A gothic novel with a strong feminist message, Madam by Phoebe Wynne features a young classics teacher who takes a position at a girl’s boarding school off the coast of Scotland and finds an increasingly disturbing secret underbelly at the school. Dark, unsettling, and gripping!

Setting and Structure

Madam is set in the early 1990s at a fictional boarding school set on the Scottish cliffs named Caldonbrae Hall. The school is housed in an ancestral castle and is quite remote, a quality that not only builds the gothic feel to the novel, but also serves to isolate the students and residents of the school from the outside world in a way that heavily relates to the broader story. The setting is perfect gothic fiction—a gloomy castle, the grey sea, the bleak coastline, the torrents of rain, and the cold dark expanse of the interior.

The book is narrated solely by Rose Christie, a 26-year-old Classics teacher who has recently accepted a post at the school. Rose narrates in the first person her experiences and thoughts as the story unfolds, with brief intermediary chapters that tell the stories of different classic mythological women (Medusa, Dido, Medea, etc). These are structured as the lessons Rose is teaching to her students, and tie into the plot.

Plot and Characters

Rose Christie is the newest teacher at Caldonbrae Hall and the youngest. She is hired to teach classics replacing the previous teacher Jane, whose employment was terminated under mysterious circumstances. The book may be set in 1993, but the practices at the school harken back to the original found of the school 150 years earlier.

As Rose learns more about the school and her new role, she is horrified to learn that the girls are being taught that femininity is about being docile, finding a husband, and avoiding modern feminist thinking. For Rose, who was raised by a liberal feminist, the truth at the school is unsettling. The more she learns, the more twisted she realizes Caldonbrae Hall truly is, and the more trapped she becomes at the school.

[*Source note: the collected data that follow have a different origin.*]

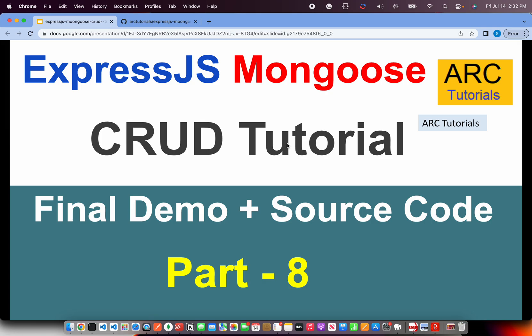Welcome back to ARC Tutorials. This is the last and the final episode of ExpressJS and Mongoose CRUD Tutorial Series. In today's episode, I'm going to give you a final demo of all the functionality that we have built so far. Also, provide you a way to access the source code. Let's get started.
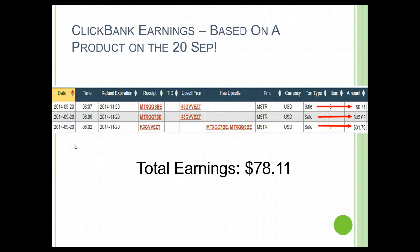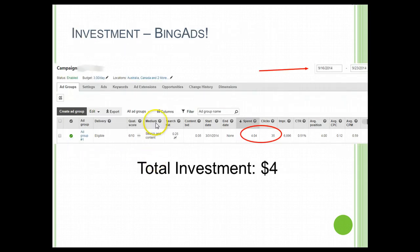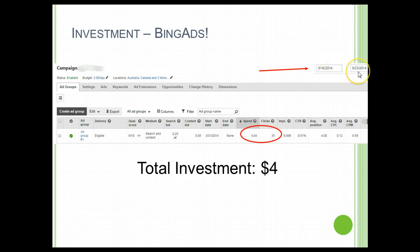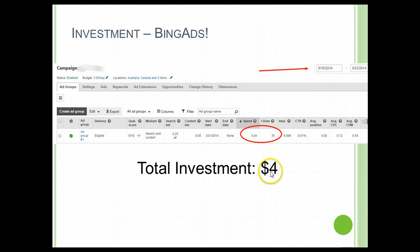This is my Bing advertisement screenshot. You can see that during that week, over seven days, I drove 35 clicks to that advertisement and spent four dollars and four cents. Out of that $4.04, I earned $78, so net I still earned $70 plus dollars.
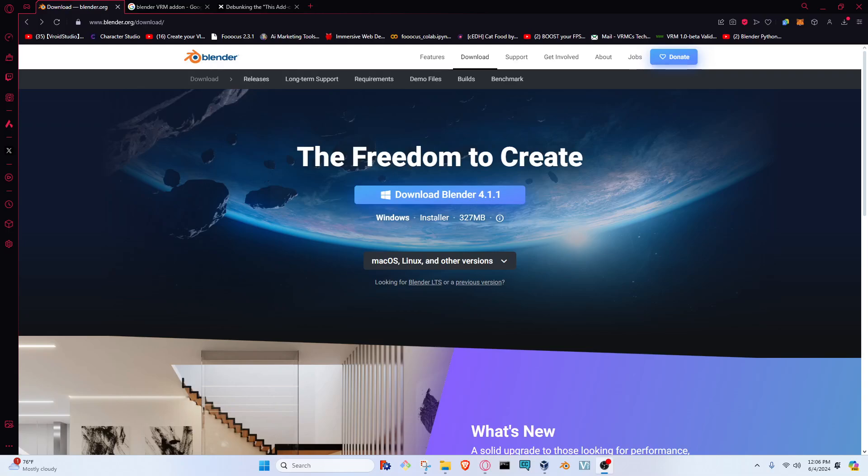Welcome to C-Studio. I'm Dragonbutt and this is the introductory series for the how-to section. Today we're going to be learning how to download Blender and how to install the add-on that will import and export our VRMs for us.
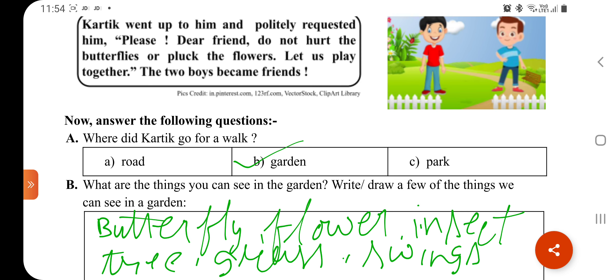उम्मीद है यह worksheet आपके लिए useful रही होगी और आपको अच्छी भी लगी होगी। अगर useful रही है तो इसे like कीजिएगा, share कीजिए हमारे video को, और इस channel को subscribe कीजिए। धन्यवाद।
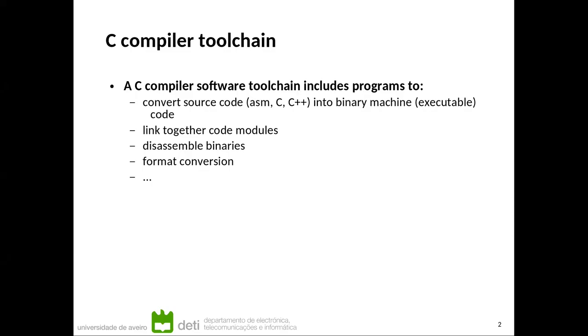It's capable of linking together different models. It can also perform disassembling, meaning to pick up some binary code and convert it into the assembly language.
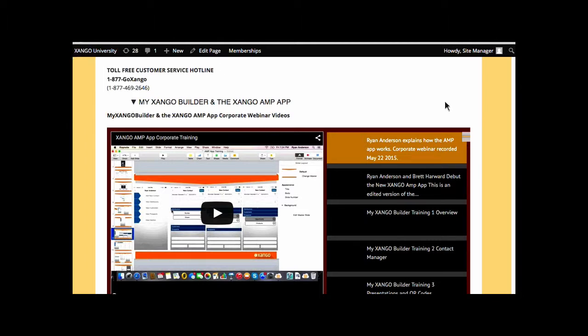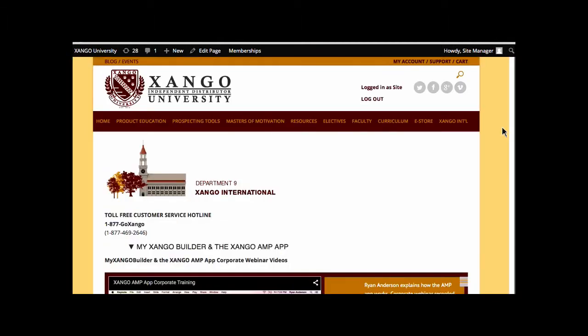I want you to know that the Zango Amp app and My Zango Builder is incredible. But it can be a little intimidating because it's kind of like buying a new car, right? Some cars are pretty simple and straightforward. You don't have to figure anything out. They're not electronic with computer dashes, and they don't have any fancy locks and keys or whatever.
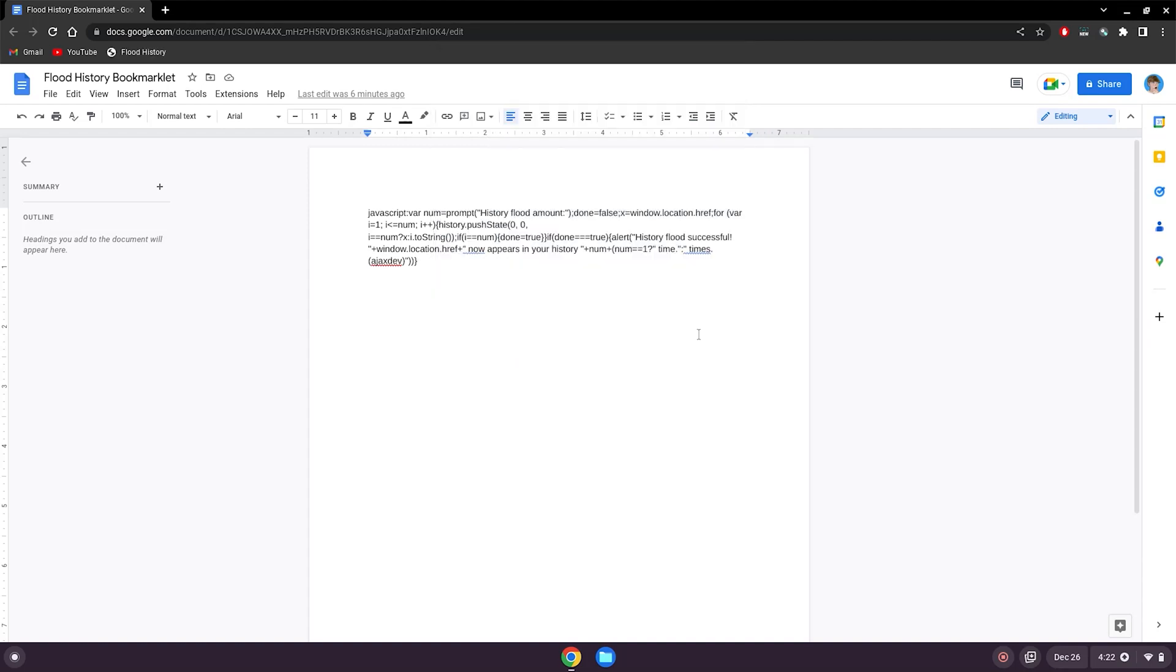So when you run this bookmarklet, it will flood your history of whatever page you are currently on. So if you want it to flood this Google Doc, flood YouTube, flood Gmail, you can do that. But for tutorial purposes, I'm just going to have it flood the Google Doc since it's easier.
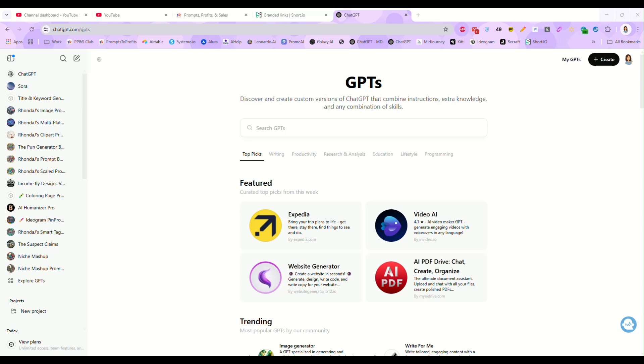So the way custom GPTs work is think of it like teaching an assistant exactly how you want them to answer questions. That's basically what we're doing. Our GPT is our assistant and what we're going to do is give it clear instructions so it knows exactly how to respond when somebody interacts with it. We could also feed it extra knowledge with PDF files or website content, but there is no coding involved. It is really just smart setup.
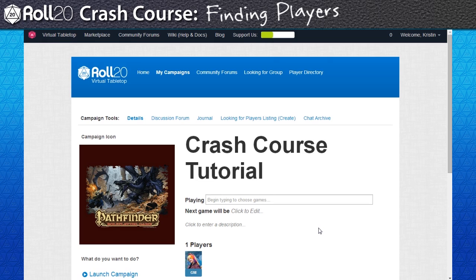Now that we have a fully completed campaign, it's time to drum up some players. If you have an existing group of friends, then sending invites are pretty easy. Each campaign on Roll20 has a unique join link. To gain access, you just need to supply your players with the link.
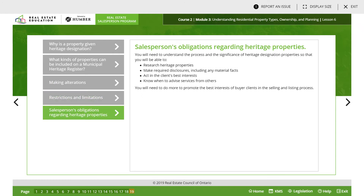What are some of the salesperson's obligations regarding heritage properties? You will be able to research the heritage properties, make required disclosures including any material facts, act in the client's best interests, and know when to advise services from others. That was lesson six.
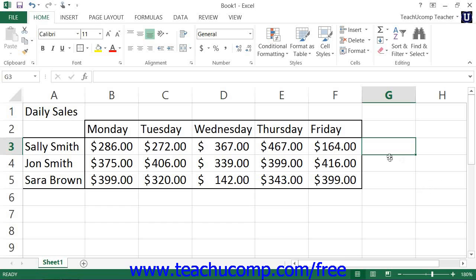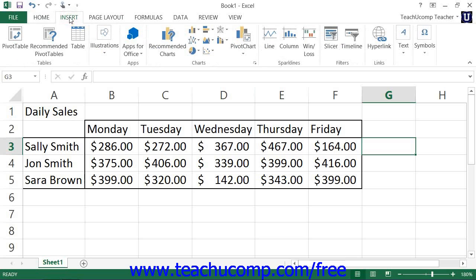To create a sparkline within a cell, first select the cell within which you would like the sparkline to appear. Often this will be the cell at the end of a column or row of data values that you want to illustrate visually. Then click the desired type of sparkline to insert into the cell by clicking either the Line, Column, or Win-Loss buttons within the Sparklines button group on the Insert tab within the ribbon.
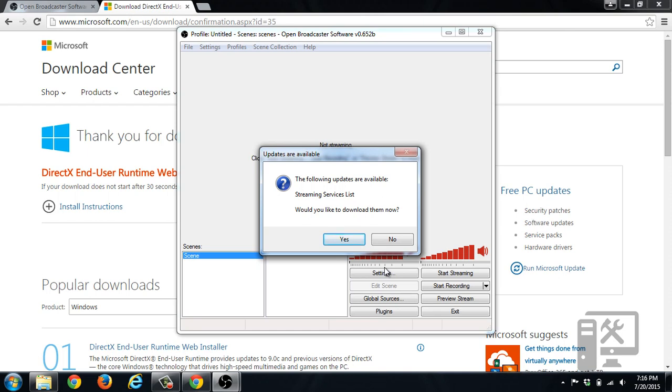If you have questions on how to do something else with OBS, go ahead and leave a comment down below. We'll leave a link to other videos related to how to use OBS. If you have any other computer questions, feel free to leave them in the comments as well. Don't forget to like this video and subscribe to our channel.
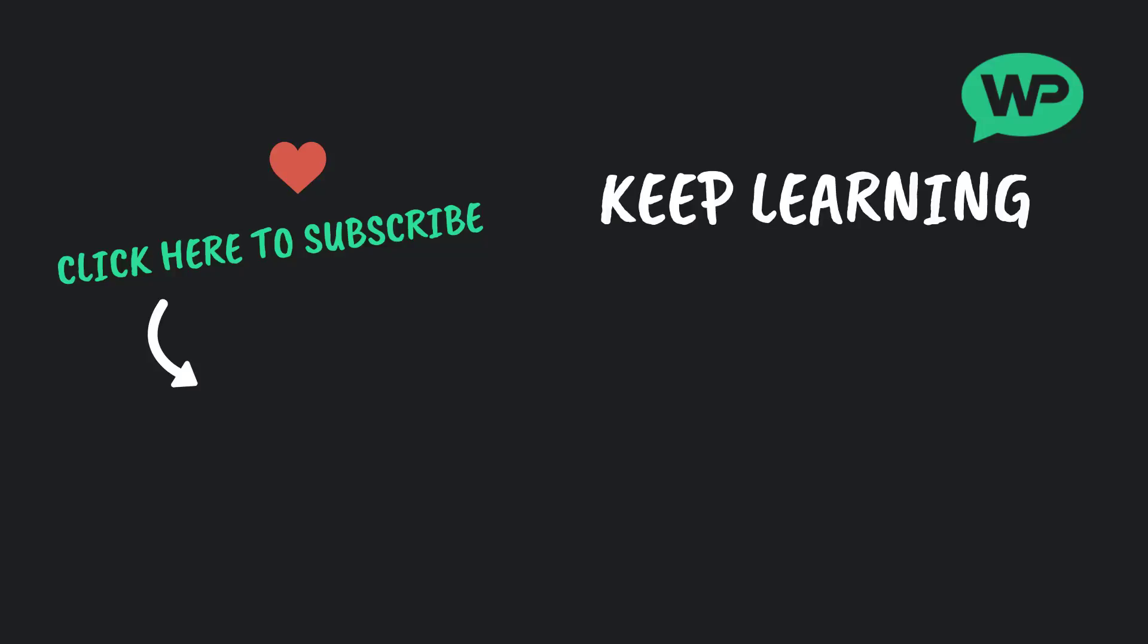Then once again my name is Marty Dred from letsbuildwp.com and thank you very much for watching my video.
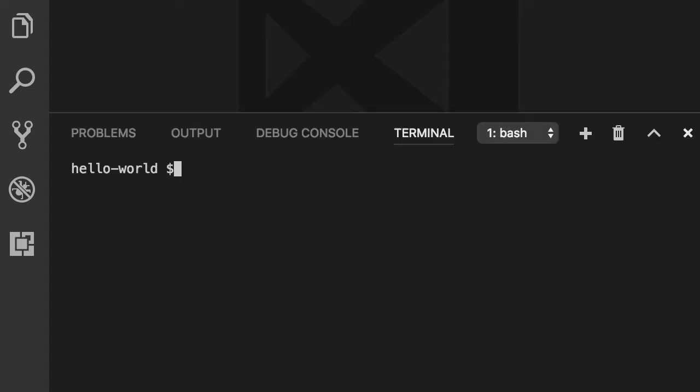Here we have a small terminal window. We're going to use Angular CLI to generate a service. So ng g for generate. Previously we used c for components, now we're going to use s for services.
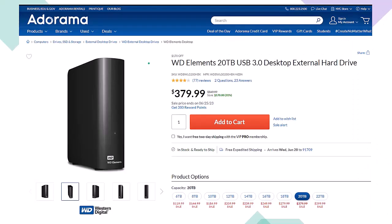Here we have a Western Digital WD Elements 20TB USB 3.0 Desktop External Hard Drive we use as part of our backup system, noting that if you lower the number of terabytes of storage, the price will lower dramatically as well. When you're thinking about a backup system, you're usually thinking about an online system or an external hard drive system like this, or ideally some combination between the two, giving you some redundancy.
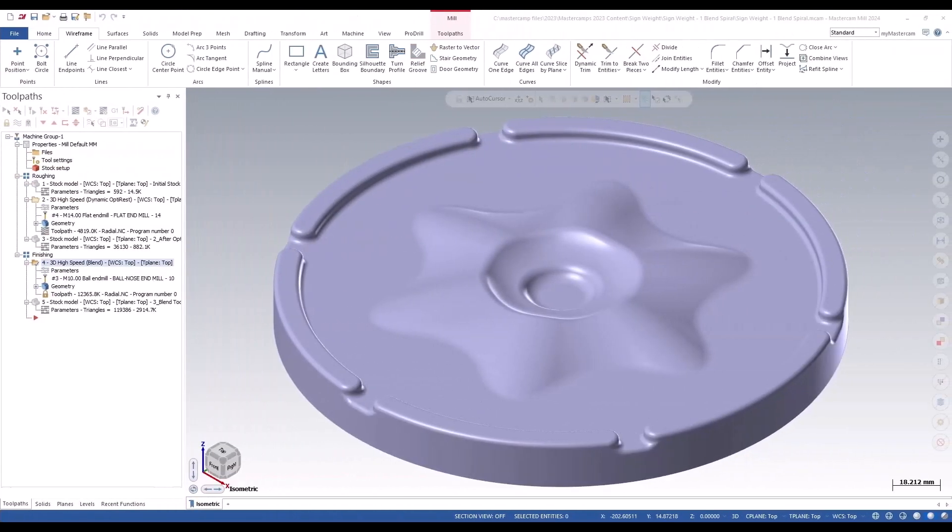In MasterCAM 2024, an enhancement has been added to automatically include a complete full pass on both chains during the blend toolpath when the cutting method is set to spiral.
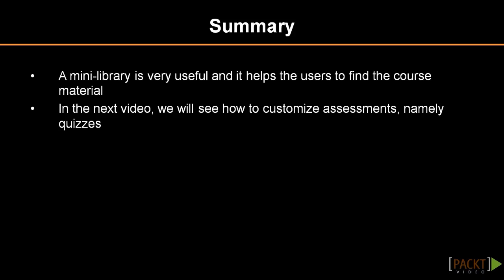In the next section we will learn how to customize assessments, namely quizzes.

I liked Rose as a character, though I’ve seen other reviewers criticize her actions. But Rose herself is trapped at the school, and it becomes clear everyone is in their own way. On top of that, the school has moved Rose’s mother to a care facility, and updates about her mother filter through them. Rose is not only trying to understand what is going on at the school, she is also tackling the mystery of what happened to her predecessor Jane.

There are a few other teachers and staff with troubling and compelling roles in the story. Another male teacher who seems a bit taken with Rose, a fellow teacher who Rose thinks of as her only true friend there, and a disturbing set of administrators and board members. The students are sort of a collection of either those who buy into and benefit from what the school is doing, and the outcasts who respond to Rose’s subtle but intentional feminist teachings. Rose continues to assign works to the students with the hopes that they will take the lessons she intends, though at a point she is being observed and has to be careful about her words in the lessons.

Overall Thoughts

The setting and atmospheric quality made this a stand out for me. The pacing is a bit slow but that adds to the creepy gothic feel, and the mystery is compelling. The ending made me want to see what a sequel to this might explore, though I also was satisfied with the way it concluded. Wynne’s writing and imagery made this a stand out. The truth about the school is both horrifying and salacious.

I saw some reviewers criticize elements of this book that were dated, disturbing, and characters who were racist and I guess that to me was the point of this book. This school is completely dated, teaches absolutely terrible ideals to young women, and is full of stakeholders who are at their core fetishists and misogynists. This added to the disturbing horror-quality of the mystery for me.

Compelling, atmospheric, darkly feminist, and well-written, I thoroughly enjoyed this!